Well, yes I think there is some confusion here. We're talking about a specific structure, Lua_State, that is allocated once for each main (Lua) thread and coroutine. Each one is also pretty small, as it mostly holds root pointers to other structures. This isn't Lua state in the abstract sense of "all the state of a Lua VM". I doubt adding a single void* would impact a typical Lua install by more than a few dozen bytes TOTAL.
Sorry, but you're making assumptions on how malloc(), object sizes and minimal allocations relate. Take the pagesize and substract malloc overhead. That's the relevant number in i386's VM model. I'd want to know about contemporary systems that allow greater granularity.

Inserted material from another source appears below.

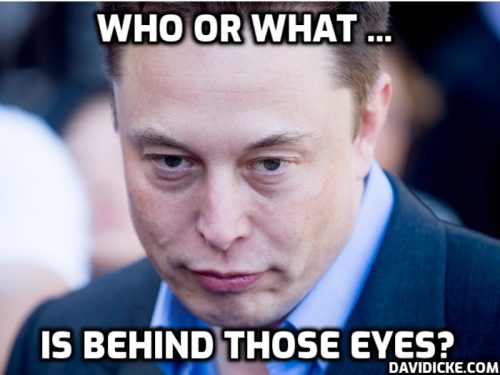 MUSK-EYES-IMAGE-500x375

You're probably confused with arena or bucket sizes, which are irrelevant intermediaries when determining the real cost of growing Lua_State. Not all allocators use size arbitrated buckets. For example, an allocator for short running routines whose access to the regular system allocator is difficult, like the dynamic linker's, have no need for size organization.
>> 2. The only relevant size constraint isn't heap bound. If you are eg. copying states, the possibly unused user pointer is going to touch a register.
> Well good luck copying a Lua_State (can you spell crash?), and why would placing an extra field in a structure touch an extra register?
As for malloc(), nope, not confused at all, and while I am making a general assumption about malloc(), I've yet to find a help allocator underneath the C malloc() API that only allocates multiples of VM pages (I'm not sure when you mean "greater" granularity of you mean finer or coarser grained).